**Exercise description**
Every entry below should be restated word for word, except for its images.

___ Input material ___

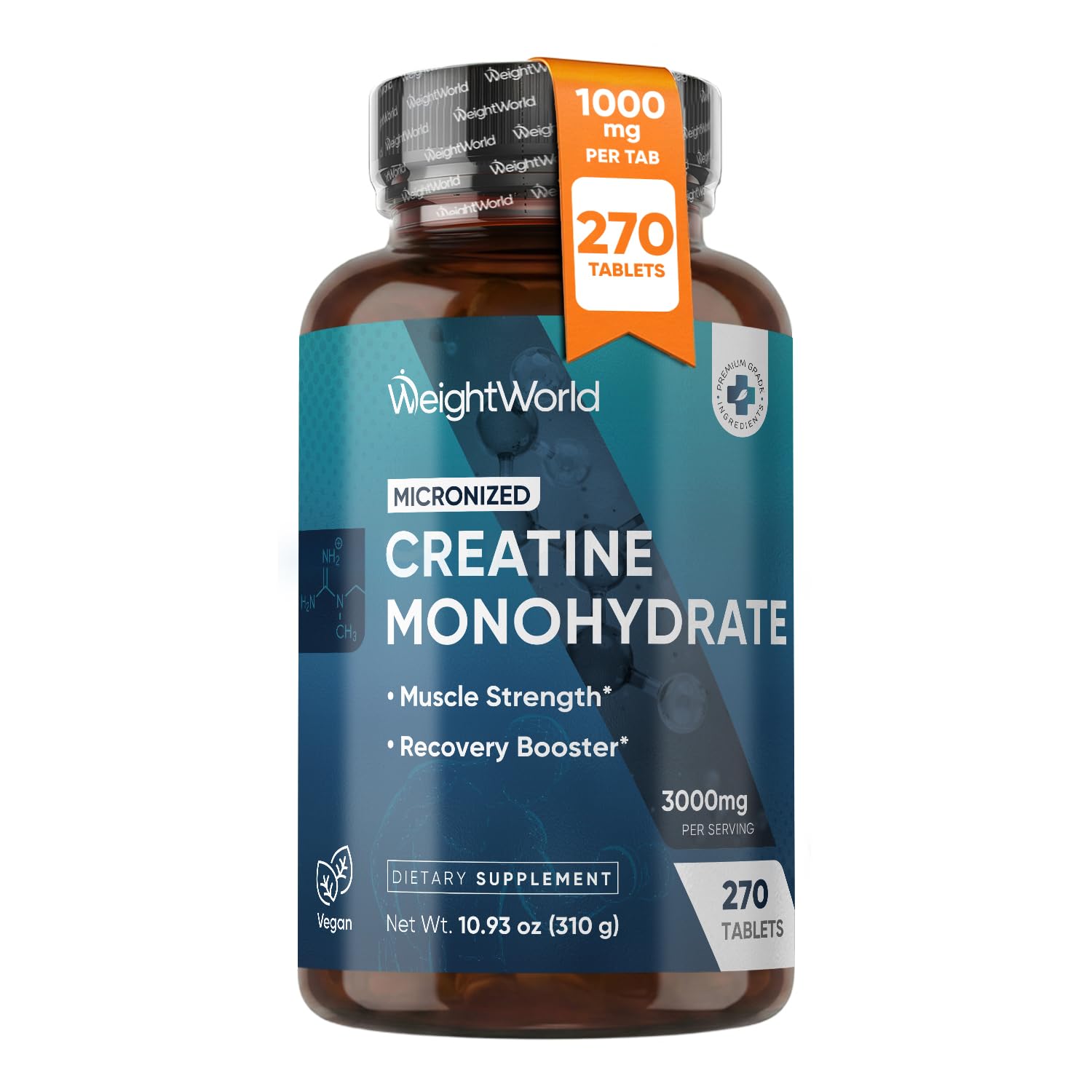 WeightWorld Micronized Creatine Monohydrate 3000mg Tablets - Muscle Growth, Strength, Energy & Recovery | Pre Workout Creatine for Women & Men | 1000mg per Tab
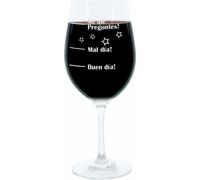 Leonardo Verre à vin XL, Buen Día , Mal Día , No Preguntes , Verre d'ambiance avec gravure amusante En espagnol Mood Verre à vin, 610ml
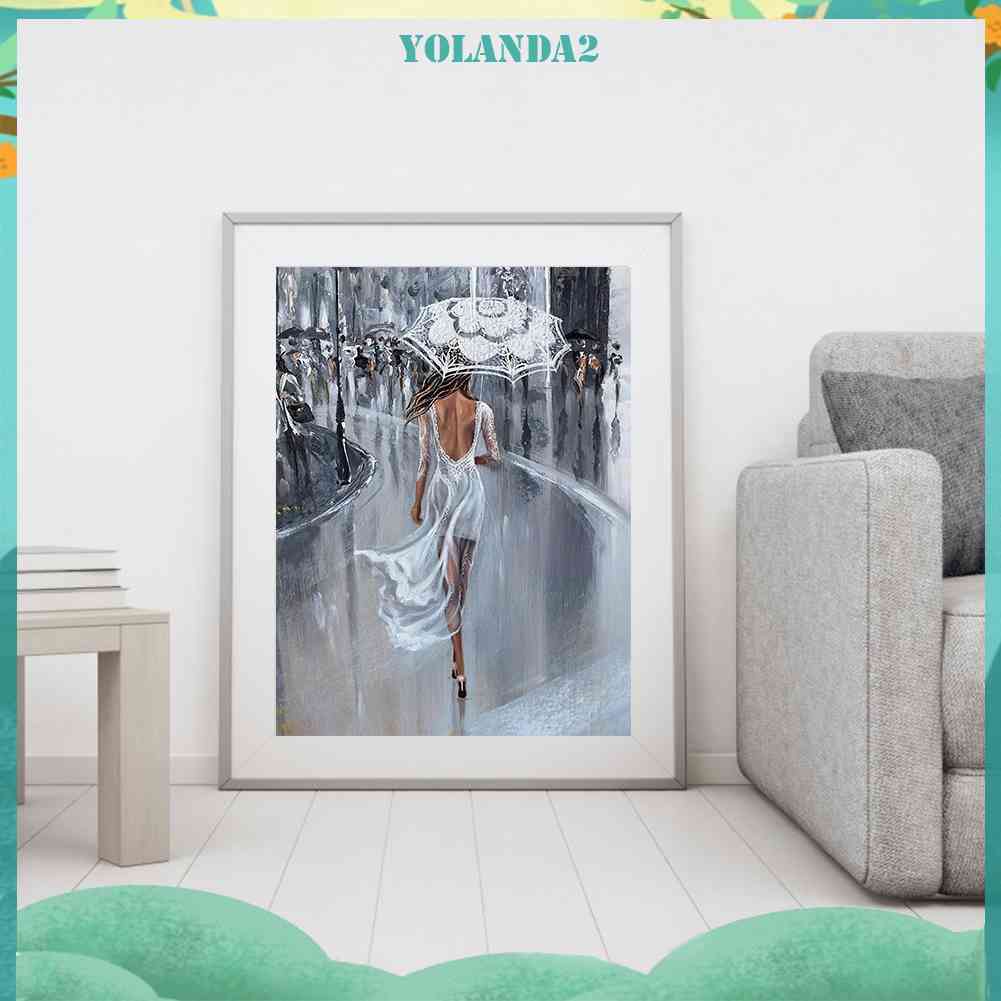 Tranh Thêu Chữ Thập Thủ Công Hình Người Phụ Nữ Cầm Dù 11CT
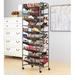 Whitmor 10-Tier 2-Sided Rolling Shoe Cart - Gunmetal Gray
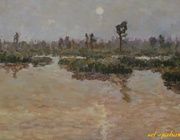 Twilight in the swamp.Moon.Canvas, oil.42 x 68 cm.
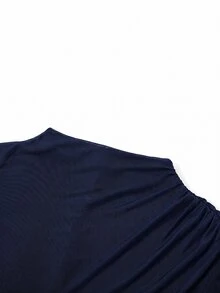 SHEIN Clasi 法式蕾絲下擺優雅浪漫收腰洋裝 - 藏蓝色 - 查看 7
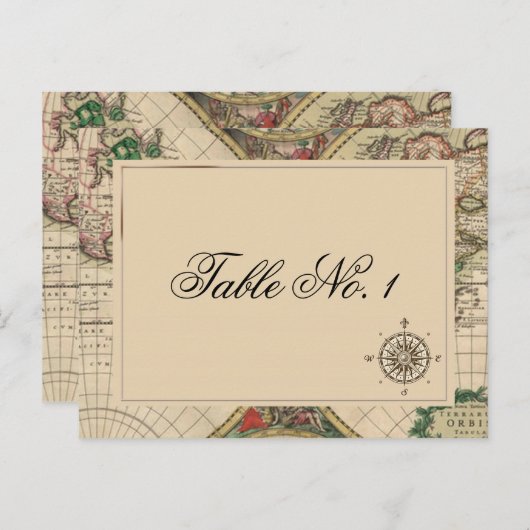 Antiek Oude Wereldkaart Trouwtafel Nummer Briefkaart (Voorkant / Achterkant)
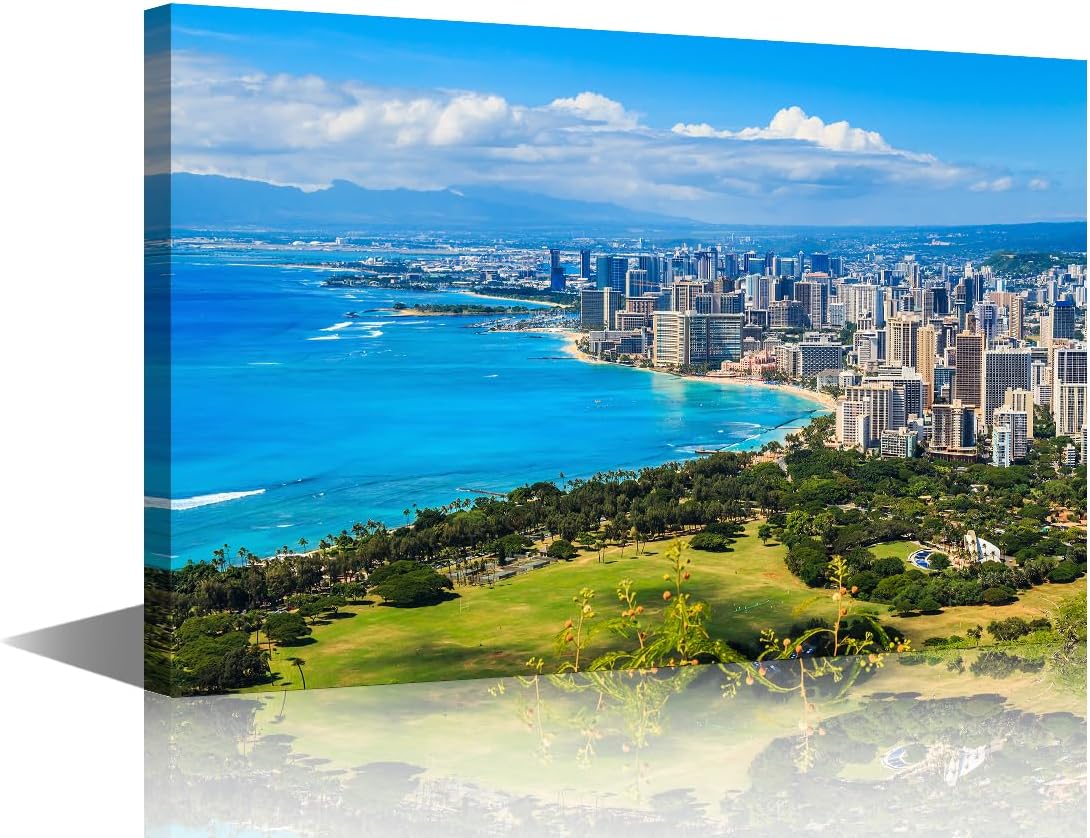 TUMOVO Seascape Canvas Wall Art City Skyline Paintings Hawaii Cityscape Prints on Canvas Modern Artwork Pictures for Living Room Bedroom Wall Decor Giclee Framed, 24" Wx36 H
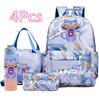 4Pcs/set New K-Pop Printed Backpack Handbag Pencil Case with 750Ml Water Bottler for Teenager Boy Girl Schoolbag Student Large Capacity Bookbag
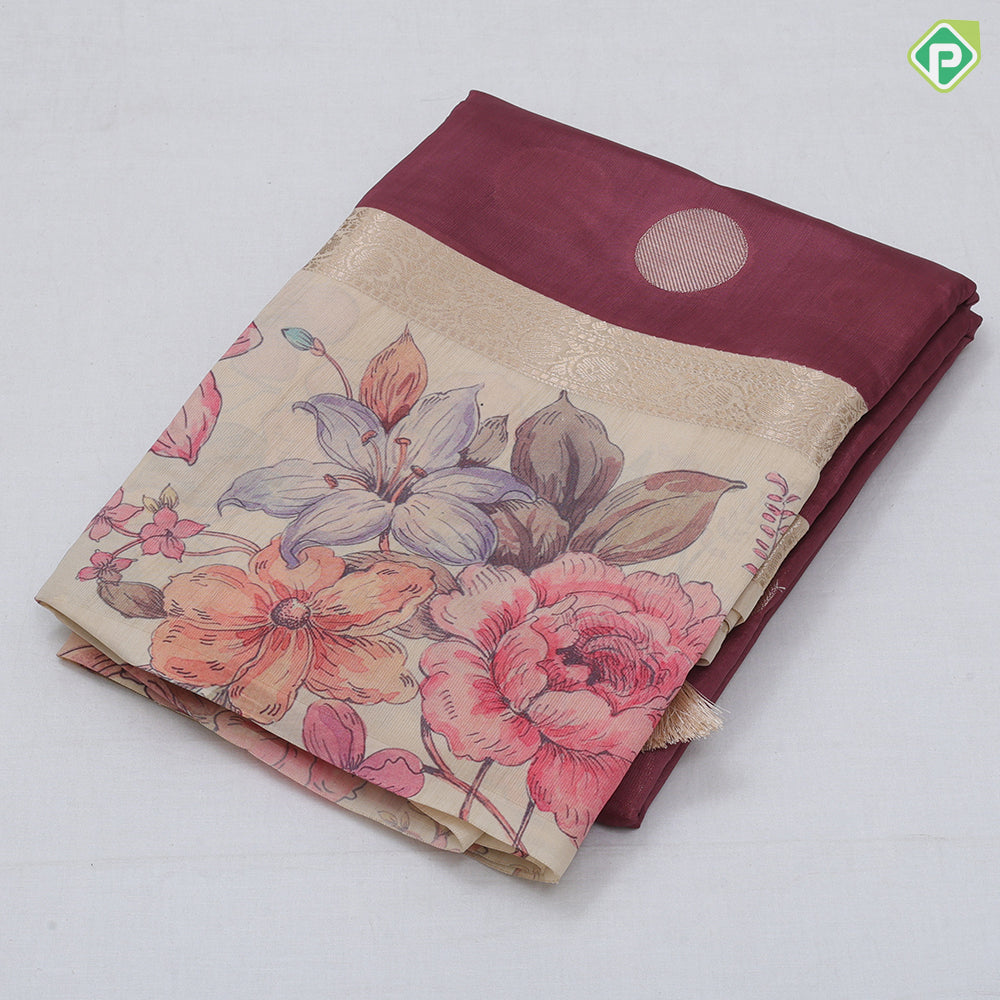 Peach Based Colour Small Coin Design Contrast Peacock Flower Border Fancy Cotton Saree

___

**Task response**
 WeightWorld Micronized Creatine Monohydrate 3000mg Tablets - Muscle Growth, Strength, Energy & Recovery | Pre Workout Creatine for Women & Men | 1000mg per Tab
 Leonardo Verre à vin XL, Buen Día , Mal Día , No Preguntes , Verre d'ambiance avec gravure amusante En espagnol Mood Verre à vin, 610ml
 Tranh Thêu Chữ Thập Thủ Công Hình Người Phụ Nữ Cầm Dù 11CT
 Whitmor 10-Tier 2-Sided Rolling Shoe Cart - Gunmetal Gray
 Twilight in the swamp.Moon.Canvas, oil.42 x 68 cm.
 SHEIN Clasi 法式蕾絲下擺優雅浪漫收腰洋裝 - 藏蓝色 - 查看 7
 Antiek Oude Wereldkaart Trouwtafel Nummer Briefkaart (Voorkant / Achterkant)
 TUMOVO Seascape Canvas Wall Art City Skyline Paintings Hawaii Cityscape Prints on Canvas Modern Artwork Pictures for Living Room Bedroom Wall Decor Giclee Framed, 24" Wx36 H
 4Pcs/set New K-Pop Printed Backpack Handbag Pencil Case with 750Ml Water Bottler for Teenager Boy Girl Schoolbag Student Large Capacity Bookbag
 Peach Based Colour Small Coin Design Contrast Peacock Flower Border Fancy Cotton Saree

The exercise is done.